Count I of the amended complaint, and specifically in
paragraph 8, alleges that the union, its servants, agents and
representatives have engaged in a strike and have refused to
work and have engaged in picketing of plaintiff's premises and
have approved and ratified the strike and picketing.
Even assuming defendant union's charge that the complaint
contains only conclusionary allegations, specifically in
paragraph 8 thereof, Count I is nevertheless sufficient to
motion to dismiss. Under the present liberal rules governing
pleadings in the Federal courts, all that is required in a
complaint is that it contain a short, plain statement of the
claim, showing that the pleader is entitled to relief; and if
the pleading gives the opposing party fair notice of the
nature of the claim, the basis upon which it is founded and a
general indication of the type of litigation involved, it is
sufficient to comply with the rules.
The defendant's motion to dismiss Count I of the complaint
will be denied.
The motion to dismiss Count II raises the same objections as
are raised against Count I, but raises other matters in
addition to those levied against Count I.
Suffice it to say that Count II does contain a short, plain
statement of the grounds upon which the Court's jurisdiction
depends and also alleges facts upon which the cause of action
is founded. If the court in fact has jurisdiction and if
causes of action may be maintained by an employer against
individual employees on the basis of a violation by them
individually of the provisions of a collective bargaining
agreement between the employer and the union under the
provision of § 301(a), then Count II is not vulnerable to a
motion to dismiss.
Section 301(a) of the Labor Management Relations Act
(29 U.S.C. § 185(a)) provides as follows:
"(a) Suits for violation of contracts between
an employer and a labor organization representing
employees in an industry affecting commerce as
defined in this chapter, or between any such
labor organizations, may be brought in any
district court of the United States having
jurisdiction of the parties, without respect to
the amount in controversy or without regard to
the citizenship of the parties."
Congress has directed the courts to formulate and apply
Federal law to suits for violation of collective bargaining
contracts.

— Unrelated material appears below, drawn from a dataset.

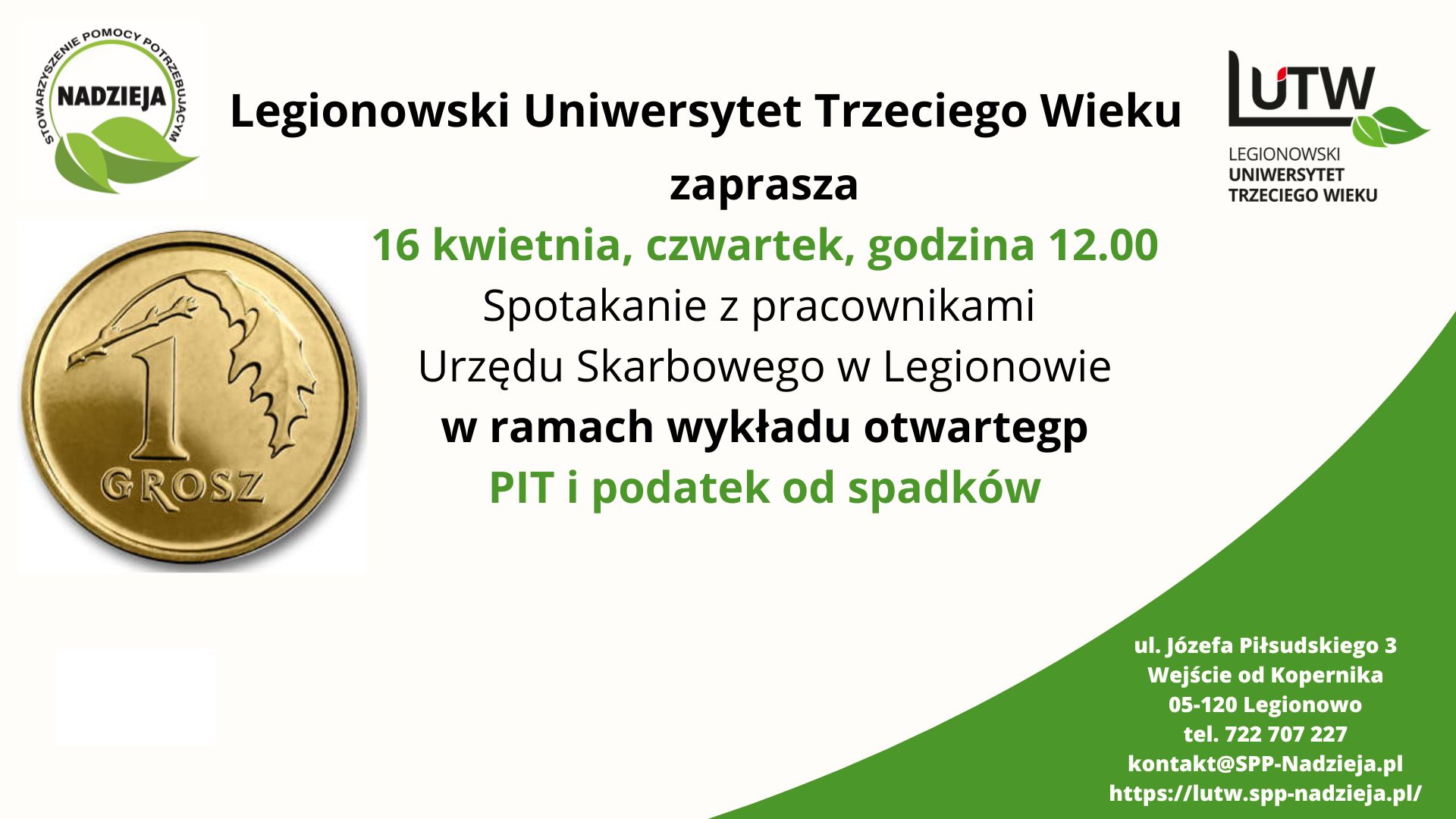 PIT i podatek od spadków. Urząd Skarbowy w Legionowie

There is no constitutional difficulty and § 301 is
not to be given a narrow reading; § 301 has been applied to
compel arbitration of individual grievances pertaining to rates
of pay, hours of work and wrongful discharge, to obtain
specific enforcement of an arbitrator's award ordering
reinstatement and back pay to individual employees, to recover
wage increases in a contest over the validity of the collective
bargaining contract, and to suits against individual union
members for violation of a no-strike clause contained in a
collective bargaining agreement. Smith v. Evening News Assn.,
371 U.S. 195, 199, 200, 83 S.Ct. 267, 9 L.Ed.2d 246 (1962).

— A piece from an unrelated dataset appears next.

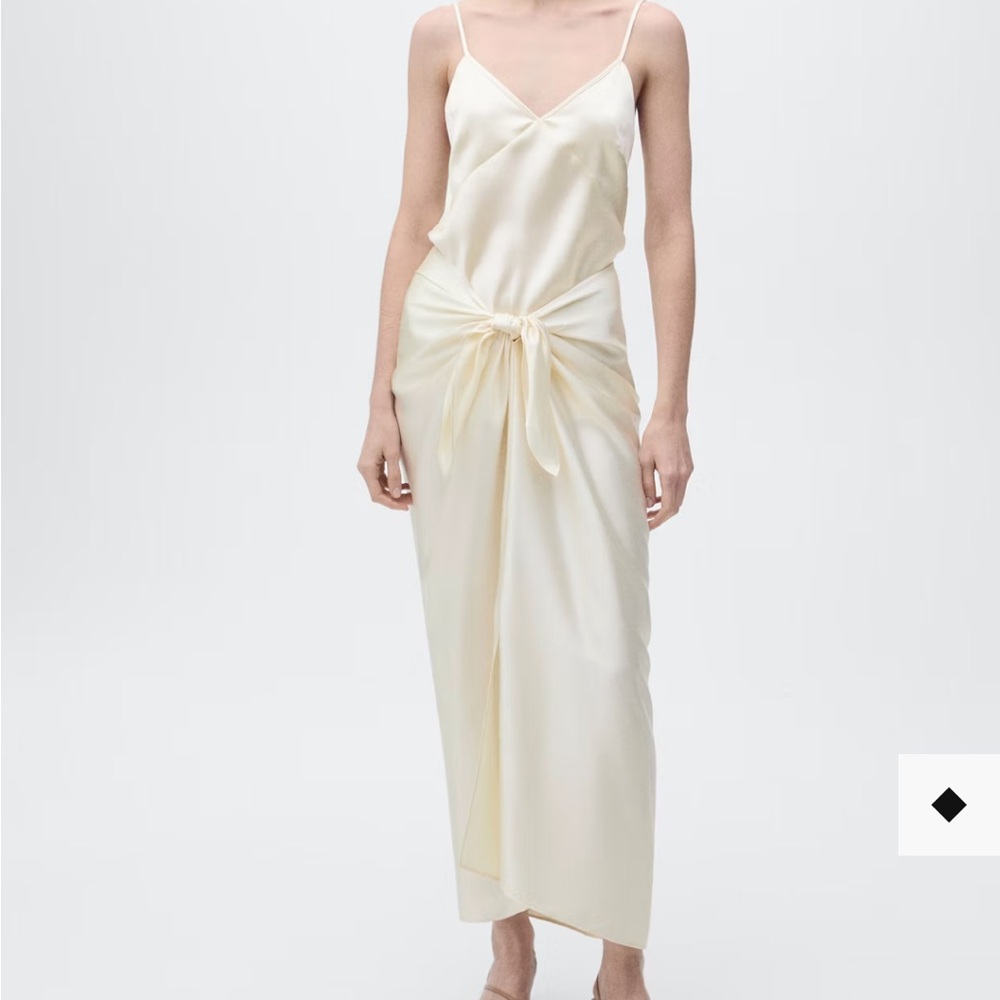 Mango Cream Slip Maxi Skirt with Front Knot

In support of the last proposition, namely, that § 301(a)
has been applied to suits against individual union members for
violation of a no-strike clause contained in a collective
bargaining agreement, the Court in Smith, supra, cites Atkinson
v. Sinclair Refining Co., 370 U.S. 238, 82 S.Ct. 1318, 8 L.Ed.
2d 462. In Atkinson, supra, the Supreme Court had before it a
question somewhat comparable, but different than that presented
here. In Atkinson, supra, Count II of the complaint charged 24
individual officers and agents of the union with breach of a
collective bargaining contract and tortious interference with
contractual relations. The District Court held that under § 301
union officers or employees cannot be held personally liable
for union actions and that therefore suits of the nature
alleged in Count II are no longer cognizable in state or
federal courts. The Court of Appeals reversed and the Supreme
Court held that no cause of action was stated in that when a
union is liable for damages for violation of the no-strike
clause, its officers and members are not liable for these
damages. In Atkinson the individual members were charged in
Count II with acting as agents and on behalf of the union.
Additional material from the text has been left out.